I've tried other keys, like Rewind, Skip, the colored keys, etc., just in case Google changed the key, but nothing works. The up key when on the first row (which IIRC went to Search in a previous YouTube version) does not work, either.

Anyone else seeing this?

ETA: I did a restart from the Help menu, and it did not fix it.


----------



## ThAbtO (Apr 6, 2000)

Its the Left arrow from the circle. 

Be sure to check the battery, use new too.


----------



## joelkfla (Feb 9, 2002)

ThAbtO said:


> Its the Left arrow from the circle.
> 
> Be sure to check the battery, use new too.


Yes, I know. Like I said - no problem moving left & right along the rows, or on any TiVo screens.


----------



## MarshaL305 (Mar 11, 2015)

joelkfla said:


> Yes, I know. Like I said - no problem moving left & right along the rows, or on any TiVo screens.


Same problem here, I started a similar thread somewhere else on this forum.


----------



## ThAbtO (Apr 6, 2000)

Works for me on Roamio.


----------



## H4RRY (Mar 18, 2020)

I am having this same problem. Worked fine when I last used it a week or two ago (?). Today I can't get to the menu bar on the left. I have a Roamio OTA box.


----------



## ThAbtO (Apr 6, 2000)

I have Roamio basic model and it is still works.


----------



## joelkfla (Feb 9, 2002)

ThAbtO said:


> I have Roamio basic model and it is still works.

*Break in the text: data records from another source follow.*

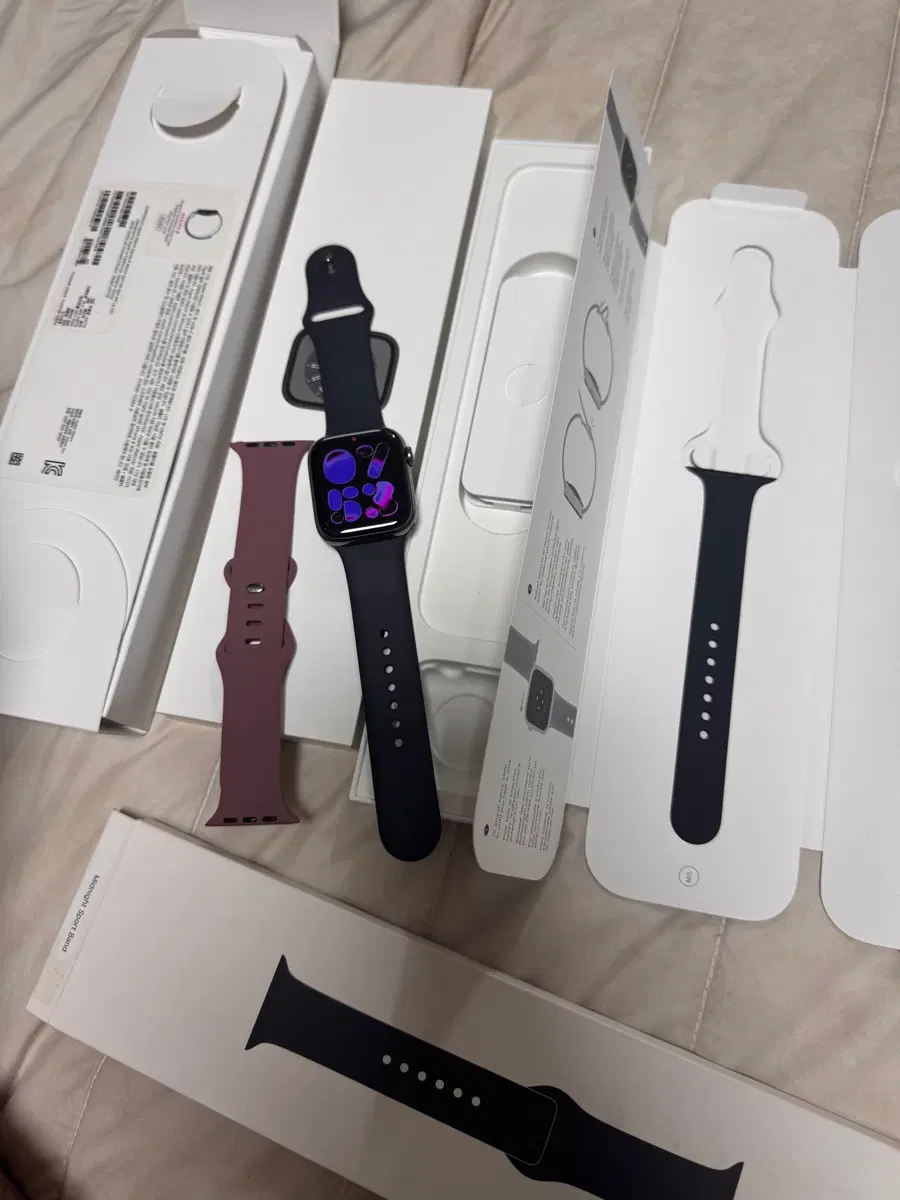 애플워치8 45mm 그레파이트 스틸모델 상태좋음
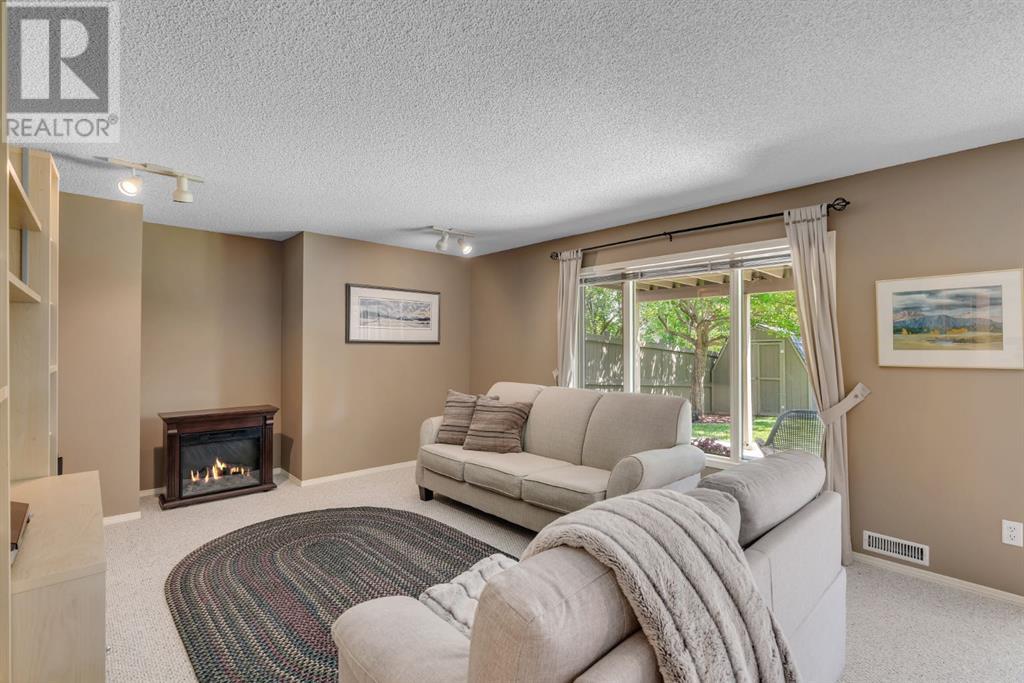 Single Family House for Sale in  Evergreen Terrace SW Evergreen Calgary 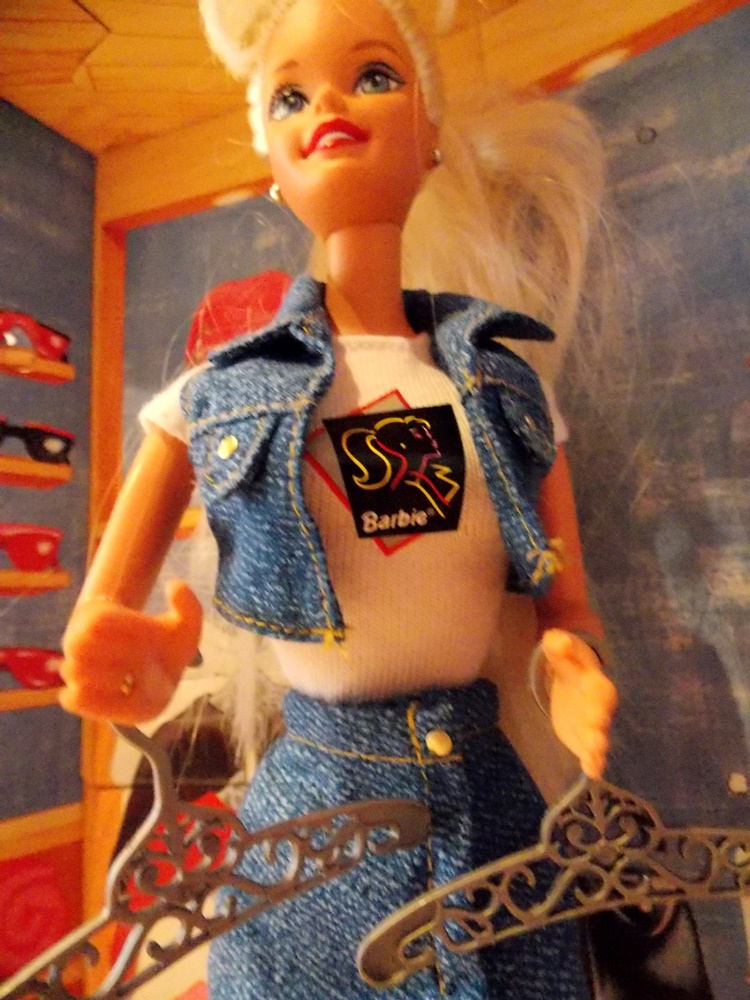 1997 Cool Shoppin' Barbie Set with Barbie Doll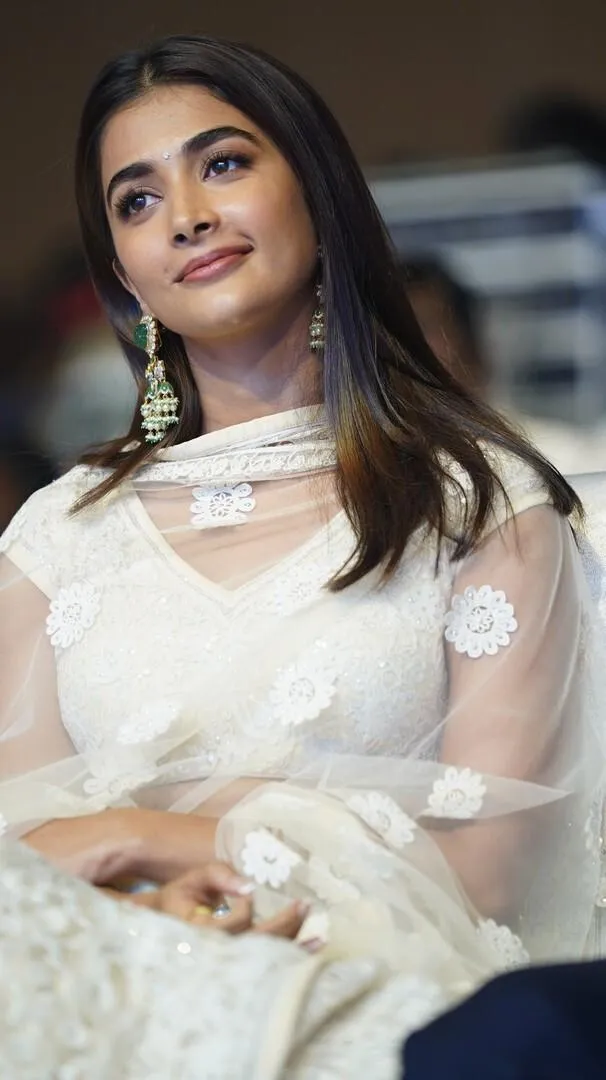 Sophisticated Style of Pooja Hegde in White Ethnic Event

Original UI or New Experience?


----------



## ThAbtO (Apr 6, 2000)

TE3


----------



## JoeKustra (Dec 7, 2012)

H4RRY said:


> I am having this same problem. Worked fine when I last used it a week or two ago (?). Today I can't get to the menu bar on the left. I have a Roamio OTA box.


Same here basic Roamio TE3.


----------



## H4RRY (Mar 18, 2020)

Update: I contacted Tivo support about this today. Long story short - after about 45min of troubleshooting (reinstalling the app, rebooting the Tivo, restarting my router), they said they would escalate it to their engineering team. I will apparently get an email when there is any news.
They had questions about my router - I have AT&T fiber (Pace router) in case that is a common factor among those seeing the problem (?)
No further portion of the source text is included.